## What to produce:
Keep to one stretch of the data below, the lines from the one with "James Perse Standard" up to and including the one with "Bank Interior With", and return that stretch exactly.

## Provided material:
___

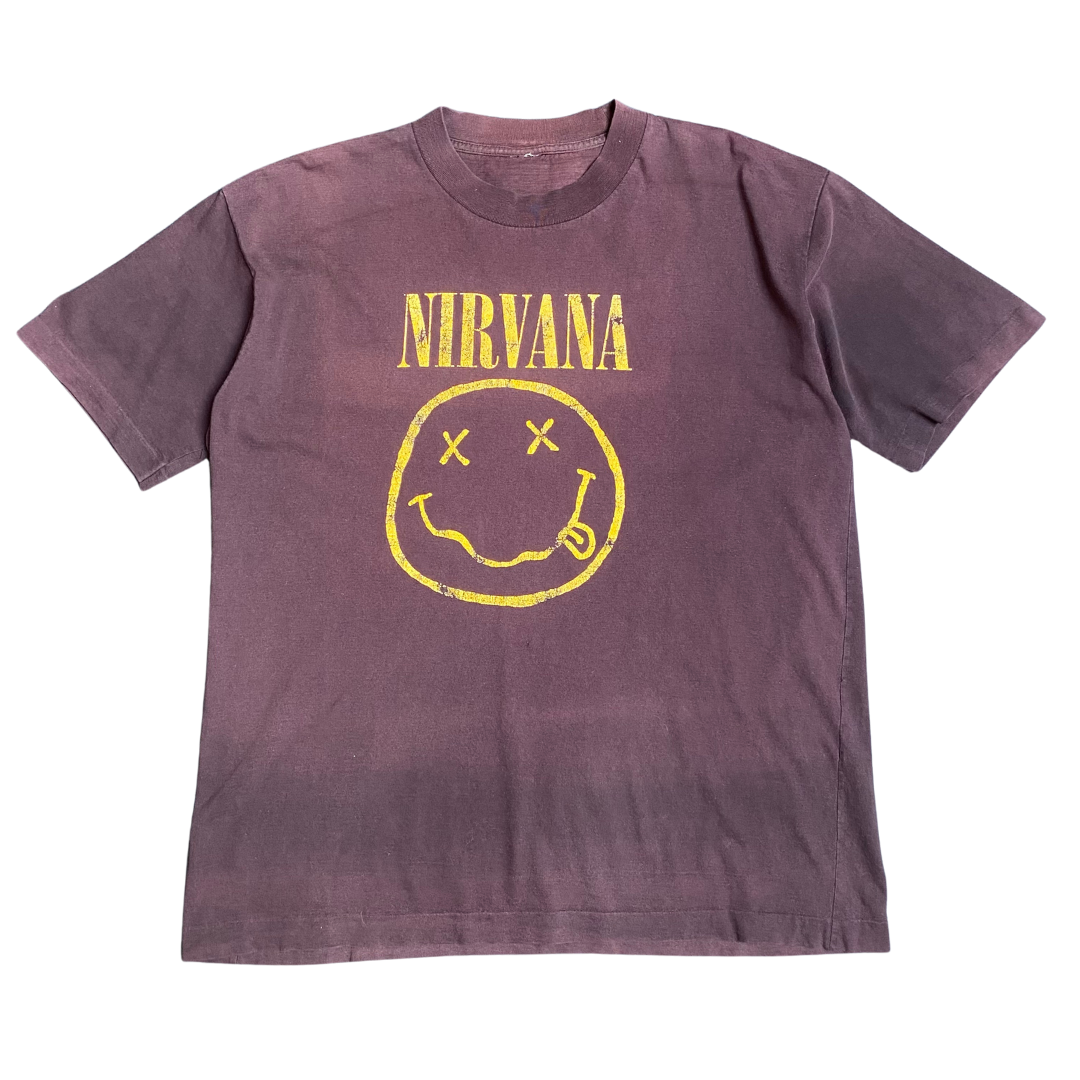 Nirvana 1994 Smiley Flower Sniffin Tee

___

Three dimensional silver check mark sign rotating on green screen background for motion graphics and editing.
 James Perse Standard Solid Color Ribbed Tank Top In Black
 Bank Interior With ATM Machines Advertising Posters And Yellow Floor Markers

___

## Answer for the task:
 James Perse Standard Solid Color Ribbed Tank Top In Black
 Bank Interior With ATM Machines Advertising Posters And Yellow Floor Markers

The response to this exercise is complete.